**WORK ORDER**
Each line in the records below, from the one that contains "Kojem Blackstone 36" to the one that contains "Personalized Western Bulldogs", should be reproduced exactly, the first and last included.

Collection entries:
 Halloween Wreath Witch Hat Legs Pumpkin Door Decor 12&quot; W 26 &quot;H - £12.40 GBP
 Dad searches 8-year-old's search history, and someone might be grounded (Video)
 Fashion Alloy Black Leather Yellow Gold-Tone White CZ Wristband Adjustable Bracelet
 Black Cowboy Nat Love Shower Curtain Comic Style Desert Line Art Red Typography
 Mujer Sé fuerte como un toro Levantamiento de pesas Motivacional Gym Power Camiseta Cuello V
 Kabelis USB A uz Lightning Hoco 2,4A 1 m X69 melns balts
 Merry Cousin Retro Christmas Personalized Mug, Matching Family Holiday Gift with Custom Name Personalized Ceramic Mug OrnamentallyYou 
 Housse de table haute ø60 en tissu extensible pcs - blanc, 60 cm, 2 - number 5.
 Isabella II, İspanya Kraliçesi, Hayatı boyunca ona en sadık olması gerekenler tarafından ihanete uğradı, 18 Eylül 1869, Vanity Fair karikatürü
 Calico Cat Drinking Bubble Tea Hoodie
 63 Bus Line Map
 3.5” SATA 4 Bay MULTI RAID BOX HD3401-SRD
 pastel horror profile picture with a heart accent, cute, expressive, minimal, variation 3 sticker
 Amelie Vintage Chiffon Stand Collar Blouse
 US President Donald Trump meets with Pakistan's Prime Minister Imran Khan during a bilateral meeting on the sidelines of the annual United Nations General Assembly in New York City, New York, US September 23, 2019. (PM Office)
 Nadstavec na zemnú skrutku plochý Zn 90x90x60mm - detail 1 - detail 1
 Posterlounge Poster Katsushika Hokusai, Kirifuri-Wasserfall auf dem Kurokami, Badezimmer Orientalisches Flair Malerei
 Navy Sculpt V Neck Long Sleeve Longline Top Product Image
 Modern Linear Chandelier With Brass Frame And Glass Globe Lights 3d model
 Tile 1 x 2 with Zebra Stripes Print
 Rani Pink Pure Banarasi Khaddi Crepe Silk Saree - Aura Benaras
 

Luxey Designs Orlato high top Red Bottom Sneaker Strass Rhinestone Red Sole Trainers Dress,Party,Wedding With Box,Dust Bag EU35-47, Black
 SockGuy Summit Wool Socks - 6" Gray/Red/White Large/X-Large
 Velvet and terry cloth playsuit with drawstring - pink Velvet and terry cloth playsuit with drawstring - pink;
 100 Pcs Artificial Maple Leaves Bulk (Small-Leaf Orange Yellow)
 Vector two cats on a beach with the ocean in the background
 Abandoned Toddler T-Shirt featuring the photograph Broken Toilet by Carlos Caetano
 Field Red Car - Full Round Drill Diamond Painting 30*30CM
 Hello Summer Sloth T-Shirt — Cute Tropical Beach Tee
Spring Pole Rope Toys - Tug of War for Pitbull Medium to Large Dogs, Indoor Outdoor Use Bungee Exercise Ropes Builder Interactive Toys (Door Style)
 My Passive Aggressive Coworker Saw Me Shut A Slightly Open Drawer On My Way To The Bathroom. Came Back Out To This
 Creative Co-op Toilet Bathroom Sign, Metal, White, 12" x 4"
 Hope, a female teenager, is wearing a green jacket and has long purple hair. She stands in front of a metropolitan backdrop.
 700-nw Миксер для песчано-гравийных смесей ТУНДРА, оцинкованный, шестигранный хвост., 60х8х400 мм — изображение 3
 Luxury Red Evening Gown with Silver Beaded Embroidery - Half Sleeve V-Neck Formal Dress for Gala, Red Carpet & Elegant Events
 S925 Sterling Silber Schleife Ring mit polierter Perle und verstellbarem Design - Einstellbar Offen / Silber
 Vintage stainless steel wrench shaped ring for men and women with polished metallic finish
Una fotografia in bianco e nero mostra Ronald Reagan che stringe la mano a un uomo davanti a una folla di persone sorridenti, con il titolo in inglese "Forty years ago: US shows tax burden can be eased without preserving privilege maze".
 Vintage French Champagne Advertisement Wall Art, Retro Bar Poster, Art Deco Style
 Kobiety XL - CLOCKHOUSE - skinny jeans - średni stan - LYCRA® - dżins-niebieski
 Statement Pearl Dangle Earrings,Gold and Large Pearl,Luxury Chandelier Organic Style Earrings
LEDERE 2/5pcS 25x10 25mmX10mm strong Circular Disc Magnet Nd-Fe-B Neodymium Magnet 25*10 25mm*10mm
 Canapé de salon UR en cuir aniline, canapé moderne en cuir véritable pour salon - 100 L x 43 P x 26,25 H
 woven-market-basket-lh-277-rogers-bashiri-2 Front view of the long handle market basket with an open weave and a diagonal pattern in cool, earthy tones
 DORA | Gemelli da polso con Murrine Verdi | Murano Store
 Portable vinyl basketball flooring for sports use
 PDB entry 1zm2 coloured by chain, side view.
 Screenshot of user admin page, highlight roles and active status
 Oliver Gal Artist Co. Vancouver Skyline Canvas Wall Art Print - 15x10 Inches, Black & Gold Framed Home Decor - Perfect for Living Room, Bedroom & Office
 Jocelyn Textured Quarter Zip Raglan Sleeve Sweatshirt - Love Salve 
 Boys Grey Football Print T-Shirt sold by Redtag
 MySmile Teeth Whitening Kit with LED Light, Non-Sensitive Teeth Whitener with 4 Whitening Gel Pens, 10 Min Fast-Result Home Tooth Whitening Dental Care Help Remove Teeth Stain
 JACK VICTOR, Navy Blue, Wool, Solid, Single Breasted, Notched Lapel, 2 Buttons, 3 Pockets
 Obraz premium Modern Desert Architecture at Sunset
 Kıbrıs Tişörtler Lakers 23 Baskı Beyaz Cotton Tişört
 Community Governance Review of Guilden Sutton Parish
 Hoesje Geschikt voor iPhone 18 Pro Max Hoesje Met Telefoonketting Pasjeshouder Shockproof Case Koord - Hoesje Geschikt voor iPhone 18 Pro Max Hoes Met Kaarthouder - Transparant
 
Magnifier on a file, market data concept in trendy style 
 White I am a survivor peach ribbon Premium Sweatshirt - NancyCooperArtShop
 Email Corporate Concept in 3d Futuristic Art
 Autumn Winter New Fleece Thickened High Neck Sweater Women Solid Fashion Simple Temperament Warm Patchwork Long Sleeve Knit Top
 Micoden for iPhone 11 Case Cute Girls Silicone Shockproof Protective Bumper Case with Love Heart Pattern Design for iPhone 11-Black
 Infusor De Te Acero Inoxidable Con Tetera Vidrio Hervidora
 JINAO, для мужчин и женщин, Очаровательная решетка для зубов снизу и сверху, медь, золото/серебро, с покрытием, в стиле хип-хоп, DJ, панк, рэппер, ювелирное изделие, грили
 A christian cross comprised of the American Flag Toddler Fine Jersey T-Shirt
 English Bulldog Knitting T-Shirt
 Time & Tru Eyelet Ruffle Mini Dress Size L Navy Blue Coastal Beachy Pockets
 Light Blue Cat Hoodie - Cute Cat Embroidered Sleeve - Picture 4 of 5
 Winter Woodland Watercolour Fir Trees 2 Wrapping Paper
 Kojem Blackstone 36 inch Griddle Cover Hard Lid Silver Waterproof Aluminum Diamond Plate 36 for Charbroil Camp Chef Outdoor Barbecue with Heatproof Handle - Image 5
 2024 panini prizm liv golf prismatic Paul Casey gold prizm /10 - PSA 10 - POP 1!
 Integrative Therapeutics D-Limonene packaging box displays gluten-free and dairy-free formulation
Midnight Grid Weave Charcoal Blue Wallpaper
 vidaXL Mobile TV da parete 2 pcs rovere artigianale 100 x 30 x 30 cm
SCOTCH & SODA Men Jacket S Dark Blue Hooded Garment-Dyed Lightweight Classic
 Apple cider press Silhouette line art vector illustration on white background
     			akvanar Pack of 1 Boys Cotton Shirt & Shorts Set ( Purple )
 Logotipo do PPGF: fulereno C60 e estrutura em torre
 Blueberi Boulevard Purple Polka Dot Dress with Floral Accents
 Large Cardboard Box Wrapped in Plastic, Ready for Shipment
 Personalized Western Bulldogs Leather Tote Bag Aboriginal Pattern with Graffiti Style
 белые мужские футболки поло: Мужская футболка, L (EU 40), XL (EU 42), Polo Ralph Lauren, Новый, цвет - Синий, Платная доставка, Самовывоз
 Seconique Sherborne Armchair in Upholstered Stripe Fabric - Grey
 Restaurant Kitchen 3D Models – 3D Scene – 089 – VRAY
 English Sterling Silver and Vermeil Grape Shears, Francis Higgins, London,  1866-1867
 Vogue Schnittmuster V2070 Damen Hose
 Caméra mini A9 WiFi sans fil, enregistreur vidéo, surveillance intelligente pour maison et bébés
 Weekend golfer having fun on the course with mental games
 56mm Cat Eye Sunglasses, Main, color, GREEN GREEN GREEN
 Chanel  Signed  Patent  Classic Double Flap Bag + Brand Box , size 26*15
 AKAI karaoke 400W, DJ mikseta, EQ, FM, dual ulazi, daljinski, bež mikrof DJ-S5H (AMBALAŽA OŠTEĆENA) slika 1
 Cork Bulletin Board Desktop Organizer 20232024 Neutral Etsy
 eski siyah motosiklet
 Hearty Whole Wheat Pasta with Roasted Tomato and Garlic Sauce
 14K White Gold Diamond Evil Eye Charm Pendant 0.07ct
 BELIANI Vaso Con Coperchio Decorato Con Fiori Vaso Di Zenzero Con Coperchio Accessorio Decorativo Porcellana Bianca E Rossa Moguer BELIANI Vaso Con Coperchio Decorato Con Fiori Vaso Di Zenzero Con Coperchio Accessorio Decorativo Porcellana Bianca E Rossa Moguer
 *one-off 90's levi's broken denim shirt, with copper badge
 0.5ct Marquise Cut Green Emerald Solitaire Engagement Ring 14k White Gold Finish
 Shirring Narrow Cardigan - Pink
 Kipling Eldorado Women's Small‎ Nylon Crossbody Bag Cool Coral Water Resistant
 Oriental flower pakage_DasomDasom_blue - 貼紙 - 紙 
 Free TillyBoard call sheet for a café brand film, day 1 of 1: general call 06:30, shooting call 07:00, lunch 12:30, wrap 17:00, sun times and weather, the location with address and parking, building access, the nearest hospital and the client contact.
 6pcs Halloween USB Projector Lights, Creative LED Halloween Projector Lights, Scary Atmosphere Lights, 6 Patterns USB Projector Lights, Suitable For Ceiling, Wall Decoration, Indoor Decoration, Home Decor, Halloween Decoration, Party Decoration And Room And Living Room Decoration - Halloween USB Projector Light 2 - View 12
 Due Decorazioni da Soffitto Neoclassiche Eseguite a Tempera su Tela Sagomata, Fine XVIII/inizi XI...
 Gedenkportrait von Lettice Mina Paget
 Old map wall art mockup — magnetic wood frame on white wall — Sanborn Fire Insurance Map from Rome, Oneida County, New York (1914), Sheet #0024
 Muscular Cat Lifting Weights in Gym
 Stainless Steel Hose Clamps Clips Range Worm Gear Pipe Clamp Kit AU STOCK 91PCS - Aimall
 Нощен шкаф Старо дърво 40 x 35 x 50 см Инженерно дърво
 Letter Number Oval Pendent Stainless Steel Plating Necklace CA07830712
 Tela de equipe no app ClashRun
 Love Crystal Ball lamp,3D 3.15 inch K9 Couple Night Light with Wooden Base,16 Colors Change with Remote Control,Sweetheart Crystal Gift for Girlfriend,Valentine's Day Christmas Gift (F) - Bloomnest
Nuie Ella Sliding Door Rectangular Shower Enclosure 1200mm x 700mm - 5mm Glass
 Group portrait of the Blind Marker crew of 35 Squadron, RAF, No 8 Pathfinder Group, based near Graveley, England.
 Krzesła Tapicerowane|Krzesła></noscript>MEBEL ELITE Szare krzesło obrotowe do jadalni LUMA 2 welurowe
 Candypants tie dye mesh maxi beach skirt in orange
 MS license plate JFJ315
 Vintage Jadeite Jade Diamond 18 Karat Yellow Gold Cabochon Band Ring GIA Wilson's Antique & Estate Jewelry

**RESULT**
 Kojem Blackstone 36 inch Griddle Cover Hard Lid Silver Waterproof Aluminum Diamond Plate 36 for Charbroil Camp Chef Outdoor Barbecue with Heatproof Handle - Image 5
 2024 panini prizm liv golf prismatic Paul Casey gold prizm /10 - PSA 10 - POP 1!
 Integrative Therapeutics D-Limonene packaging box displays gluten-free and dairy-free formulation
Midnight Grid Weave Charcoal Blue Wallpaper
 vidaXL Mobile TV da parete 2 pcs rovere artigianale 100 x 30 x 30 cm
SCOTCH & SODA Men Jacket S Dark Blue Hooded Garment-Dyed Lightweight Classic
 Apple cider press Silhouette line art vector illustration on white background
     			akvanar Pack of 1 Boys Cotton Shirt & Shorts Set ( Purple )
 Logotipo do PPGF: fulereno C60 e estrutura em torre
 Blueberi Boulevard Purple Polka Dot Dress with Floral Accents
 Large Cardboard Box Wrapped in Plastic, Ready for Shipment
 Personalized Western Bulldogs Leather Tote Bag Aboriginal Pattern with Graffiti Style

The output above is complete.